Citing the many positive “contributions” that illegal aliens have made to the United States, NAME affirms its “deep opposition” to state laws “designed to drive out undocumented immigrants” and “create a hostile climate for Latino students, whether documented or not.” The United States bears “complicity in the reasons why” people from Central America violate U.S. immigration laws, says NAME, charging that the North American Free Trade Agreement “has enabled the U.S. to flood Mexico with cheap, subsidized produce that has shut down many Mexican farms and displaced millions of rural Mexican farmers, while turning profits for large agricultural corporations.”

Another of NAME’s chief concerns is the issue of “environmental injustice,” a reference to “the disproportionately high degree to which communities of color are exposed to pollution (and the corresponding low level of environmental benefits they enjoy).” These inequities, says NAME, result from “deep societal racism and classism” whose hallmarks are “disparities of wealth” and inequitable “resource distribution.”

Rejecting the notion “that the U.S. is a race-neutral society,” NAME contends that a multitude of “barriers to employment and promotion still exist for people of color, women, and other … groups.” Thus the Association strongly supports affirmative actionin the realms of business and academia. Preferential policies, NAME explains, help “provid[e] people of color, women and other protected groups educational and workplace opportunities” they would not otherwise have.

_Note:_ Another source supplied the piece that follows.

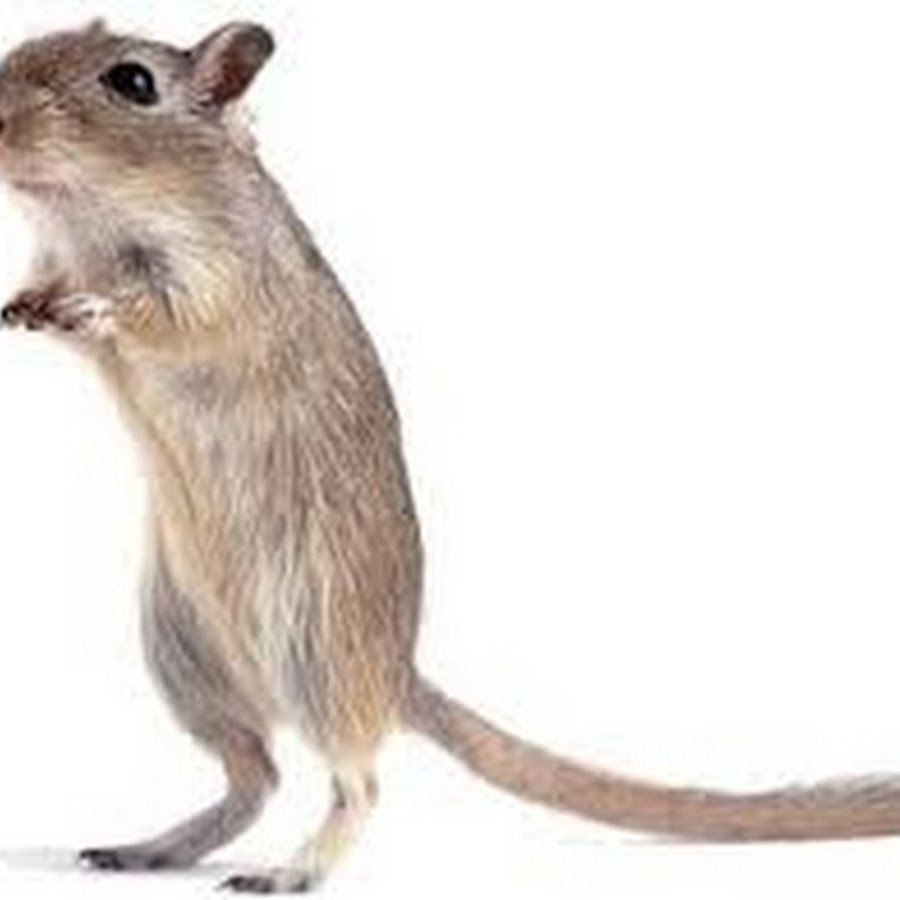 Белая крыса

NAME also condemns the “heterosexism” of Western culture as a form of “oppression” that results in “the exclusion of lesbians, gay males, bisexuals, transgender[s], and queer people (LGBTQ) in every aspect of the individual, cultural, and institutional aspects of life.” The organization is committed to “eliminating heterosexism” through the development and implementation of educational material and programs “promoting an inclusive society.”

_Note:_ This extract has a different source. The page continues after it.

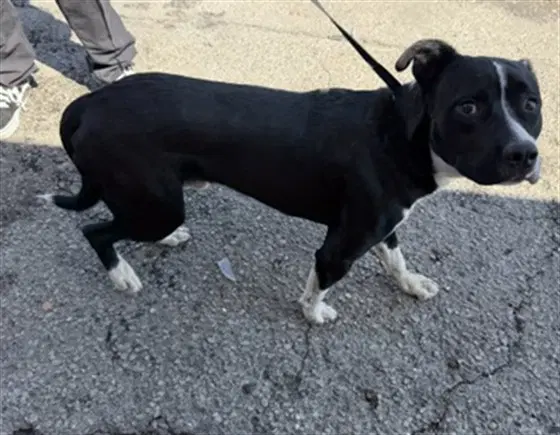 Spencer - Pit Bull Terrier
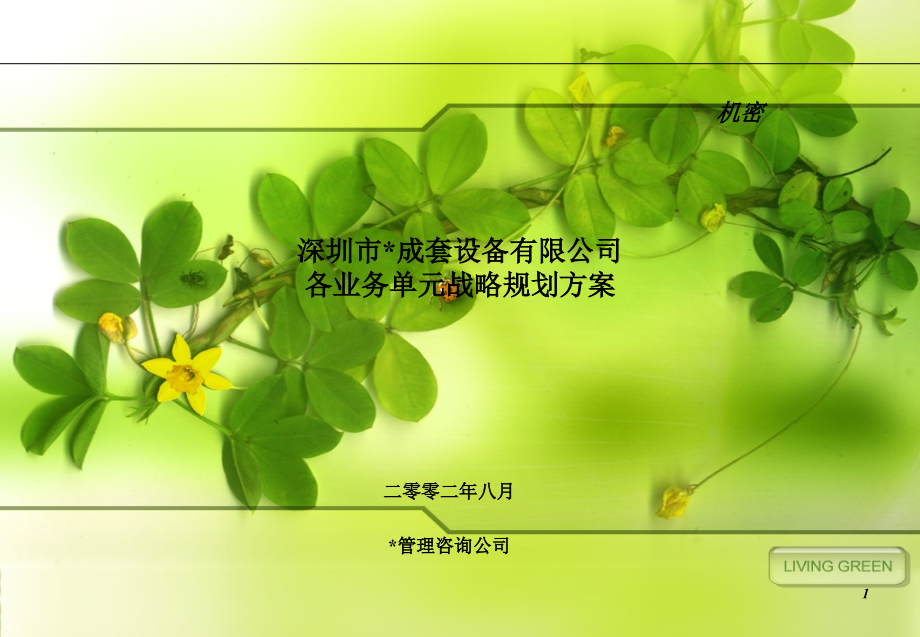 毕博——某品牌有限公司战略业务规划(PPT228页)_第1页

NAME has chapters in every region of the United States, and its 1,500+ members consist of professional educators, administrators, and school-affiliated specialists such as psychologists, social workers, counselors, curriculum developers, librarians, and researchers.

In December 2012, Rick Ayers, a teacher-education professor at the University of San Francisco, was elected as NAME’s co-president. He is the brother of Bill Ayers, the former Weather Underground terrorist-turned education professor. Bill Ayers himself was a keynote speaker at NAME’s November 2011 international conference in Chicago, along with critical race theorist Patricia Williams and several others.